- [About this exercise]
Excluding pictures, what does the listing below contain from the line with "An information panel" up to and including the line with "Ranking Best Dogs Small Bite Moments", word for word?

- [Data to process]
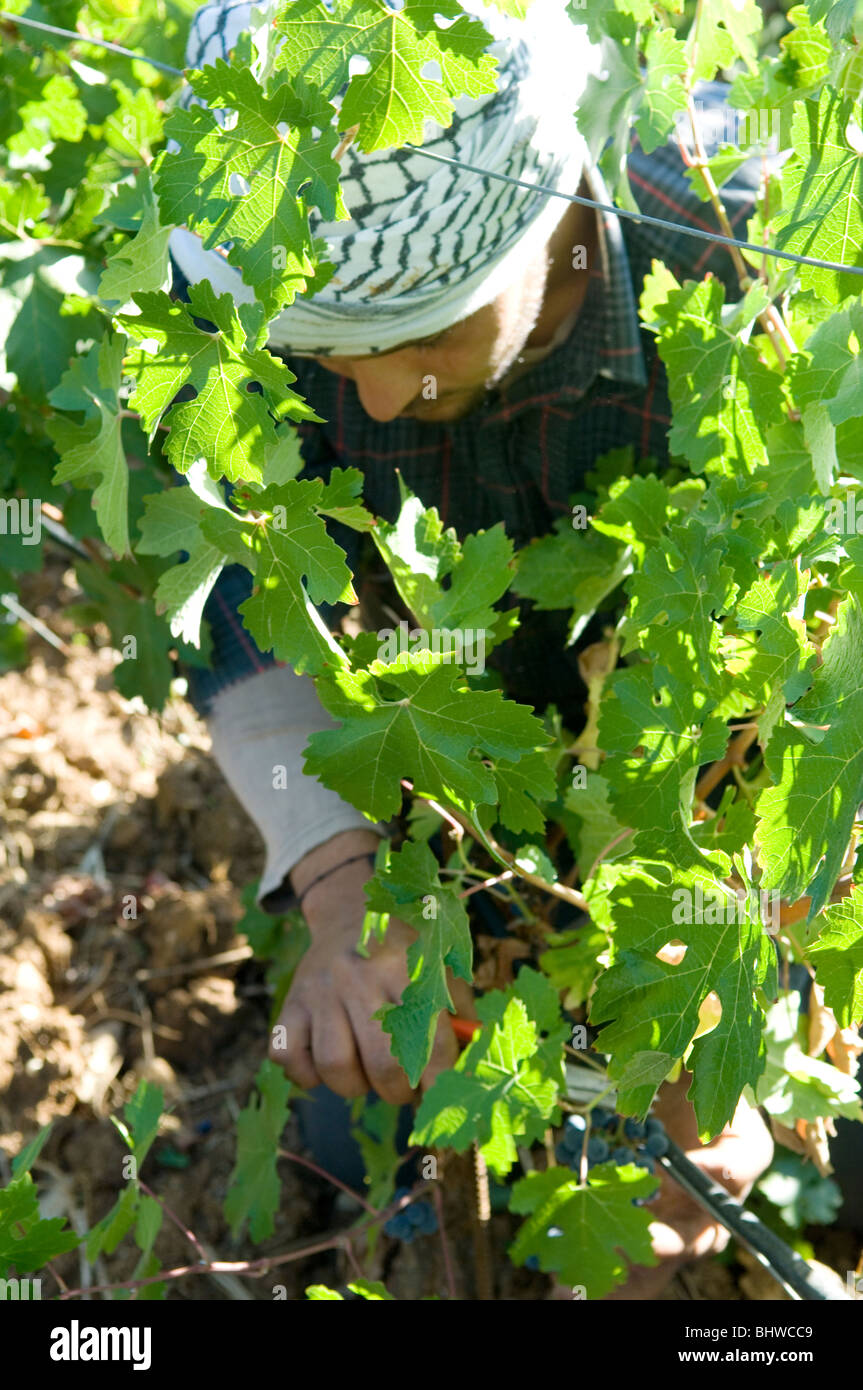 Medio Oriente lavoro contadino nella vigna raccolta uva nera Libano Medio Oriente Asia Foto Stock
...
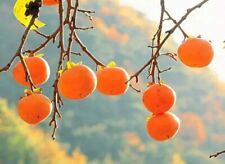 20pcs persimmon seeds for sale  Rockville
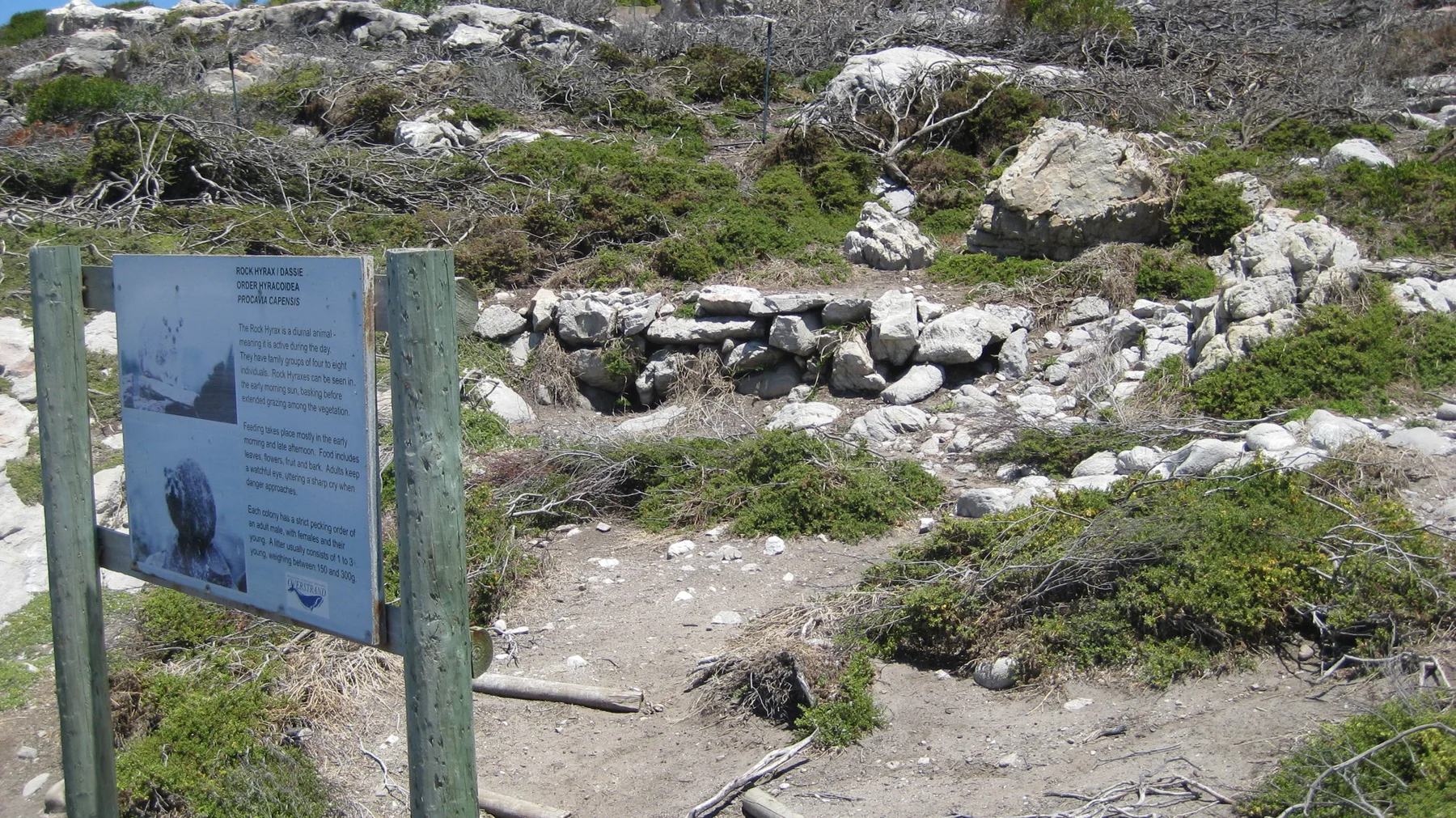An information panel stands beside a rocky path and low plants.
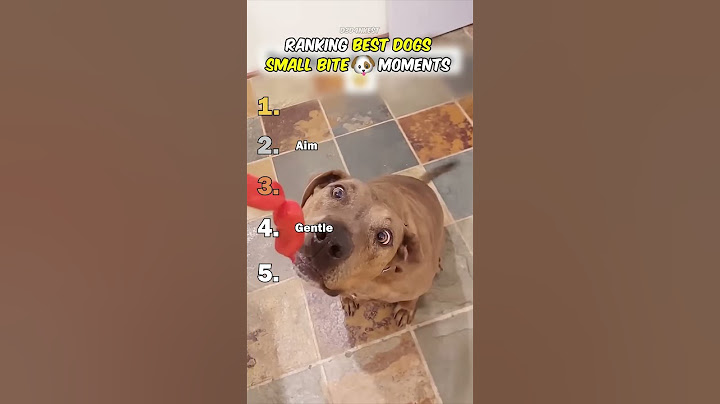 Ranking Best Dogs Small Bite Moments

- [Output below]
An information panel stands beside a rocky path and low plants.
 Ranking Best Dogs Small Bite Moments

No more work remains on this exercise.